The exchange of PKS and NRPS pathways by HGT confounds the relationships between taxonomy and secondary metabolite production. This may in part explain the historical reliance on chance for the discovery of natural product drug leads from chemically prolific but taxonomically complex taxa such as the genus Streptomyces. Genome sequencing has changed the playing field by providing bioinformatic opportunities to “mine” the biosynthetic potential of strains before chemical analysis and to target the products of specific pathways that are predicted to yield compounds of interest (15). Sequence-based methodologies not only hold great promise for natural product discovery; they are providing a wealth of information that will ultimately improve our understanding of pathway diversity and distributions and the evolutionary events that generate new chemical diversity.
Here we report the analysis of PKS and NRPS biosynthetic gene clusters in 75 Salinispora genome sequences. This obligate marine actinomycete is composed of three closely related species (16, 17) that are clearly delineated using phylogenetic approaches (18). Salinispora spp. share 99% 16S rRNA gene sequence identity (19), thus making them more narrowly defined than many taxa, which can include up to 3% sequence divergence (20). Salinispora spp. are a rich source of secondary metabolites, including salinosporamide A (21), which has undergone a series of phase I clinical trials for the treatment of cancer (22). They devote ca. 10% of their genomic content to secondary metabolism (23, 24) and represent a tractable model with which to address correlations between fine-scale molecular systematics and secondary metabolite production (25). The results presented here describe the diversity and distributions of biosynthetic pathways among a closely related group of bacteria and reveal high levels of pathway acquisition via horizontal gene transfer, with more than half of the pathways occurring in only one or two strains. The data provide evidence of the evolutionary mechanisms that generate new pathway diversity and a striking example of the plasticity of the bacterial secondary metabolome.
Results
Pathway Identification.
Draft and complete genome sequences from 75 Salinispora strains were analyzed (Table S1). These strains encompass the major biogeographic regions from which the three currently described species have been reported (Fig. S1) and include representatives of 11 previously identified 16S rRNA gene sequence variants that differ by as little as a single nucleotide change (26). KS and C domains were extracted from the sequence data and used for the initial identification of PKS and NRPS pathways, respectively. In total, 2,079 KS and 1,693 C domains were detected. Of the KS domains, BLAST, antiSMASH (27), and manual analyses that included the gene environments in which these domains occurred linked 75 to fatty acid biosynthesis (one per strain), whereas 80 were identified as false positives (N-acetyltransferases) and the remaining 1,924 (92.5%) were associated with secondary metabolism. All of the C domains were linked to secondary metabolism.

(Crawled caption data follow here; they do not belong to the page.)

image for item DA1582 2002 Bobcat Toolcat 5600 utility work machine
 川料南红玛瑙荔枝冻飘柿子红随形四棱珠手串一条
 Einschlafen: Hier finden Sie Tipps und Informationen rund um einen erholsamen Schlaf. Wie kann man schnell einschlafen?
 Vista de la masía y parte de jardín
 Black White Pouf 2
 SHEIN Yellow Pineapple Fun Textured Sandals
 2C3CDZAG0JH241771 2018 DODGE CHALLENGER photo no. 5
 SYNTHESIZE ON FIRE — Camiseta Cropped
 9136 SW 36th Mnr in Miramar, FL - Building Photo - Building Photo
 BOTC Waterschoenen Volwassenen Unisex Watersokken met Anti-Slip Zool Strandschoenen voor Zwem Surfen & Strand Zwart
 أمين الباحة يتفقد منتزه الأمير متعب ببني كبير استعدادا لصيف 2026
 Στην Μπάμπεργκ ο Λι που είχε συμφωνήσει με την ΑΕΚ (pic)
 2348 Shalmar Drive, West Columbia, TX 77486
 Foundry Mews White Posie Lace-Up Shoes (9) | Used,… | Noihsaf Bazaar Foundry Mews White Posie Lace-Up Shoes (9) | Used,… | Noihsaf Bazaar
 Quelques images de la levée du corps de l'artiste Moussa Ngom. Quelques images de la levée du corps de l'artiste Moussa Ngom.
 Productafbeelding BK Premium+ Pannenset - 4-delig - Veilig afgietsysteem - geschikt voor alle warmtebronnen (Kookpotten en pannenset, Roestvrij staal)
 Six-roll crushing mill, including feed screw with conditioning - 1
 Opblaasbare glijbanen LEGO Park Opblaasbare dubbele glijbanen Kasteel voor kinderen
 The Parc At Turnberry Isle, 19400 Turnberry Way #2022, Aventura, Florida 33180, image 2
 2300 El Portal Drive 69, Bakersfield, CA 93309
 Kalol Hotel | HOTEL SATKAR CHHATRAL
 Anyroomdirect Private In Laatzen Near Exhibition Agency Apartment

The next step was to assemble pathways that appeared to be split among different contigs, which was generally the case for highly repetitive modular type I PKSs and some NRPSs. This was accomplished using reference pathways from prior studies (23, 24) and better-assembled Salinispora genomes that included seven strains that were assembled into single contigs that exceeded 5 Mb. In the absence of a reference pathway, contigs were assembled when the KS- or C-domain phylogenies indicated close evolutionary relationships. Pathways that contained similar gene content and organization were grouped into “operational biosynthetic units” (OBUs) based on predictions they produced related secondary metabolites. These groups were defined based on sequence identity (SI) values of 90% and 85%, respectively, among homologous KS and C domains (10). The stringency of these cutoff values is supported by the cya and spo enediyne KSs, which share ca. 88% SI yet yield compounds that possess fundamentally different carbon skeletons (Fig. 1) (28, 29). Likewise, homologous C domains associated with NRPS4 and 19 share ca. 80% SI, yet they occur in pathways that differ not only in gene content but also in the composition of the NRPS genes (Fig. S2). In all cases where the secondary metabolic products of the pathways were known, fundamentally different carbon skeletons were observed when the KS- and C-domain SIs fell below these cutoff values. MultiGeneBlast analyses were performed on pathways that occurred in at least five strains to better assess the OBU assignments. These analyses revealed high levels of synteny and SI among the shared genes within each OBU and sharply lower cumulative BLAST bit scores for strains that lacked the pathway. Intra-OBU differences occurred largely among genes predicted to encode tailoring enzymes, as observed in the cya pathway (Fig. 2). Nonetheless, given that minor structural differences can have a major impact on secondary metabolite biological activity, the products of different versions of a pathway that have been grouped into a single OBU may have different ecological functions. Although the KS- and C-domain clustering values used here appear appropriate for Salinispora species, it remains to be seen how well they will apply to other taxonomic groups.
Pathway Diversity.
Comparable to prior studies (23, 24), the Salinispora genomes were enriched in PKS and NRPS biosynthetic pathways. On average, S. arenicola genomes were 300 kb larger and contained four more OBUs per genome than S. pacifica or S. tropica (Table 1). Although more OBUs were detected per S. arenicola genome, considerably more OBU diversity was observed in S. pacifica, which contained a total of 88 different OBUs compared with 47 and 19 for S. arenicola and S. tropica, respectively. In total, 124 distinct OBUs were identified, including representatives of diverse PKS types (Fig. S3). Only nine of these OBUs have been formally linked to the production of specific secondary metabolites. These are sal (salinosporamides) (30), slm (salinilactam) (23), cyl (cyclomarins) (31), cya (cyanosporasides) (28), spo (sporolides) (29), arn (arenimycin) (32), rif (rifamycins) (33), lym (lymphostin) (34), and lom (lomaiviticin) (35), whereas two others are predicted to yield enterocin (36) (PKS31) and arenicolide (37) (PKS28) based on bioinformatic analyses. Although there is no evidence that all pathways are functional, the 113 remaining OBUs far exceed the four Salinispora secondary metabolites (arenamides, pacificanones, salinipyrones, and saliniquinones) that have yet to be linked to specific pathways, suggesting that considerable chemical diversity remains to be discovered from this genus.
Table 1.
Species | No. genomes analyzed | Avg. genome size, Mb | Avg. no. contigs* | Avg. no. OBUs per genome | OBU richness† | Avg. no. singletons‡ per genome |
S. arenicola | 37 | 5.7 ± 0.14 | 78 ± 19 | 17.5 ± 1.9 | 47 | 0.49 |
S. pacifica | 31 | 5.4 ± 0.19 | 93 ± 33 | 14.1 ± 2.7 | 88 | 1.00 |
S. tropica | 7 | 5.4 ± 0.19 | 90 ± 19 | 13.6 ± 1.8 | 19 | 0.57 |
Averages reported are ±1 SD.
Does not include the closed genomes of CNB-440 and CNS-205.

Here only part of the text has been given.